Dès le départ, l’idée était de créer une base de données. Microsoft se fichait de savoir quel type d’informations elle contiendrait, il fallait juste qu’elle soit énorme. La plus grosse du monde, en fait, à même de tester les capacités des produits SQL de Microsoft.

« On nous avait demandé de plancher sur une base de données extrêmement vaste, pour tester de nouveaux produits. Il s’est avéré que trouver un téraoctet de données qui soit à la fois intéressant et concret, tout en ayant l’autorisation légale de le distribuer, était un défi conséquent », raconte Barclay.

Selon un article de USA Today daté du 22 juin 1998,le but initial de Terraserver était de lister chaque transaction réalisée dans l’histoire de la Bourse de New York et de la rendre trouvable par n’importe qui. Mais au final, ça ne faisait qu’un demi-téraoctet de données. Microsoft avait besoin de quelque chose de plus gros.

En 1997, l’agence de géologie américaine était en train de publier sur Internet des photos satellite et autres images aériennes issues de ses archives. Hedy Rossmeisl, de l’agence, rencontra alors Jim Gray, l’une des têtes pensantes de Microsoft, et les deux hommes se lancèrent dans un brainstorming. Ne serait-il pas intéressant, voire utile, que quelqu’un fasse en sorte que l’on puisse rechercher ces images satellites sur Internet ?

Terraserver tel qu’il se présentait à son lancement. Image: Tom Barclay

Le timing était presque parfait.
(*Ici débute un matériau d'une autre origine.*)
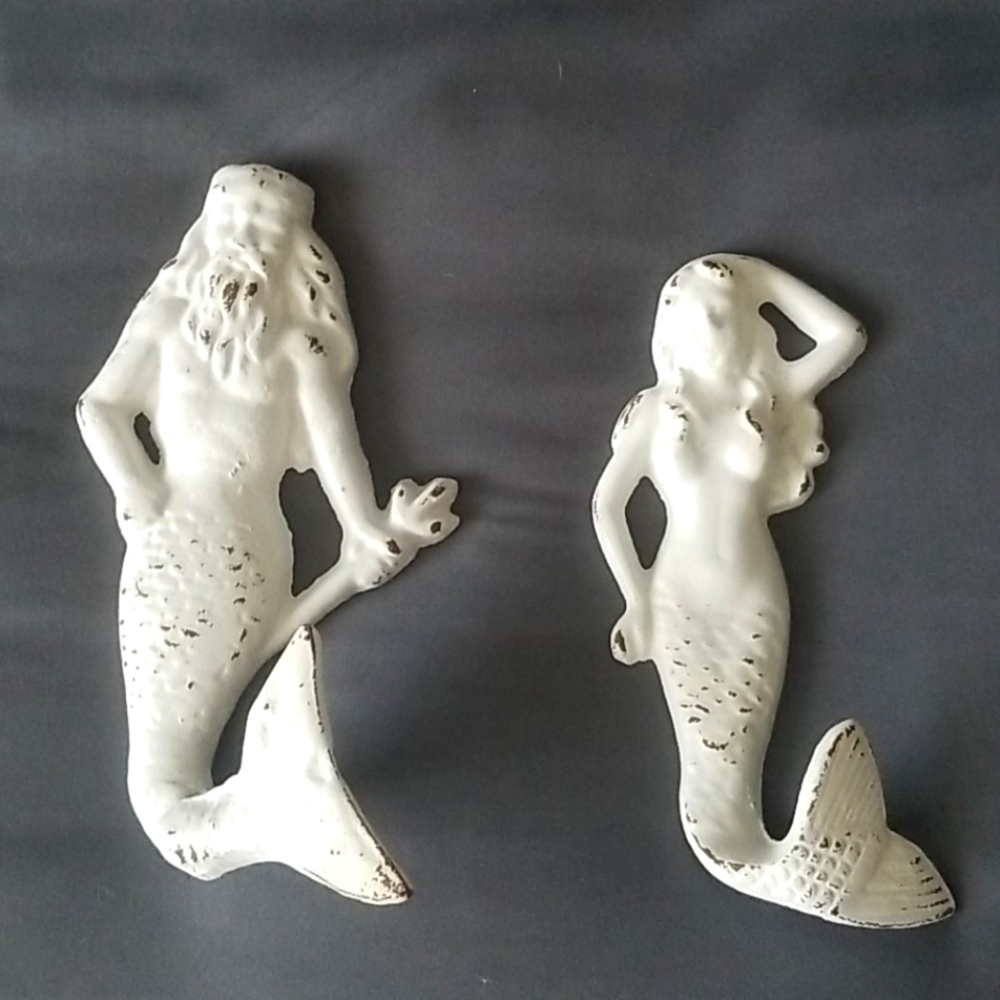Cast Iron Distressed Mermaid Towel Holders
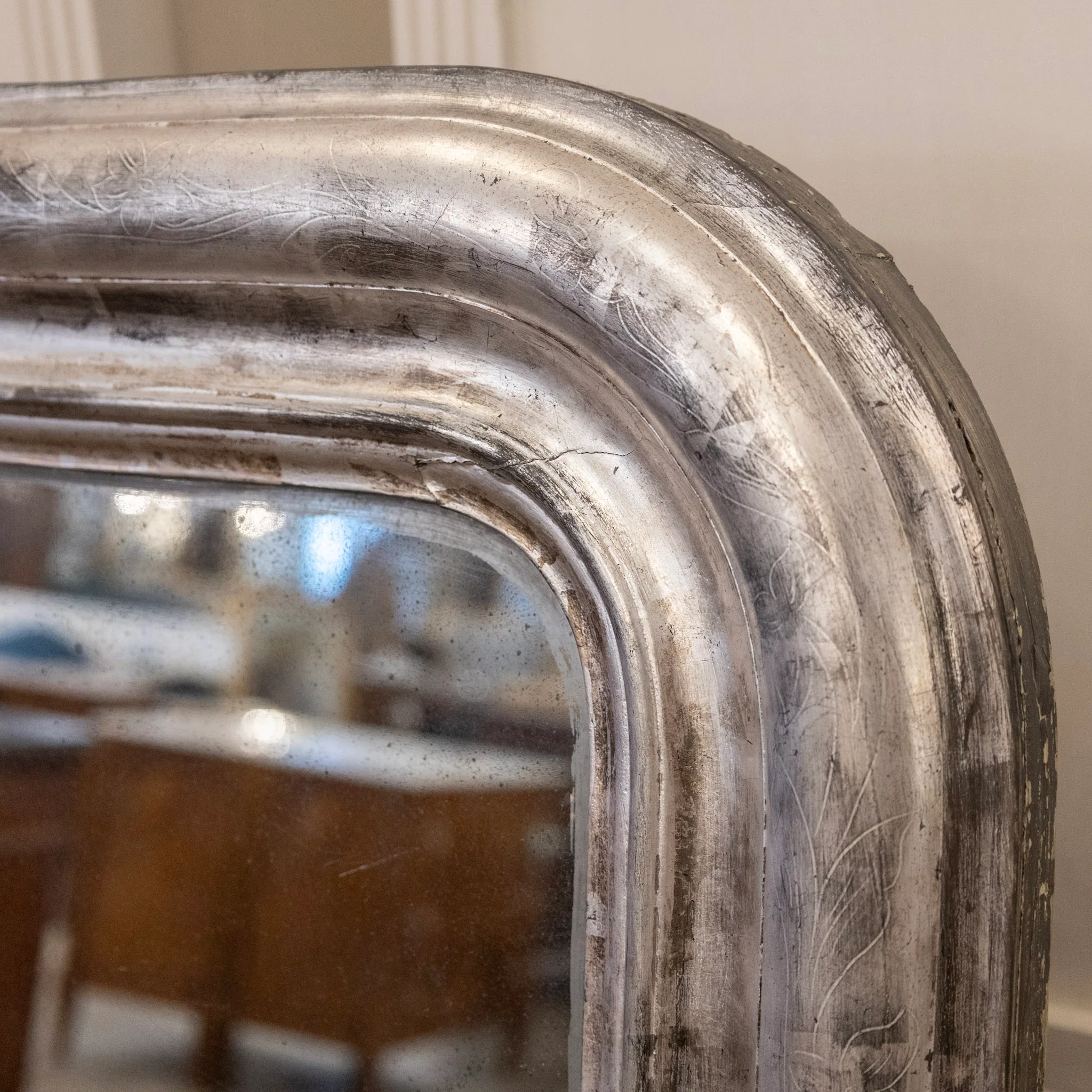 Louis Philippe Silver Gilded Floral Trim Mirror – Original Glass & Distressed Patina - Image 6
La Guerre Froide était terminée, ce qui signifiait que les images satellite étaient déclassifiées ; on était avant le 11 septembre, et personne ne s’inquiétait encore du terrorisme ; et puis, bon, la plupart des gens débarquaient à peine sur Internet.

« On avait grosso modo des images numériques de la moitié du pays, et on avait les moyens de les diffuser, mais pas d’une manière rapide et accessible. J’ai pensé que mettre ces données sur Internet était très important, et je voulais contribuer à ce que ce soit fait », explique Rossmeisl.

Ces images, jointes à des photos militaires russes tout juste déclassifiées, atteignaient 2,3 téraoctets. L’idée de ce qui allait devenir Terraserver était née.

Gray confia le projet à Barclay, et celui-ci se mit immédiatement à coder. C’était un spécialiste des bases de données, et Terraserver fut son tout premier site. C’était aussi le tout premier projet de sa vie ayant à voir avec la cartographie, ce qui posa problème. Il se retrouva rapidement confronté à un vieux problème bien connu des cartographes :

« Pour résumer, “Terre ronde, écran plat”, c’est très, très chiant à gérer. »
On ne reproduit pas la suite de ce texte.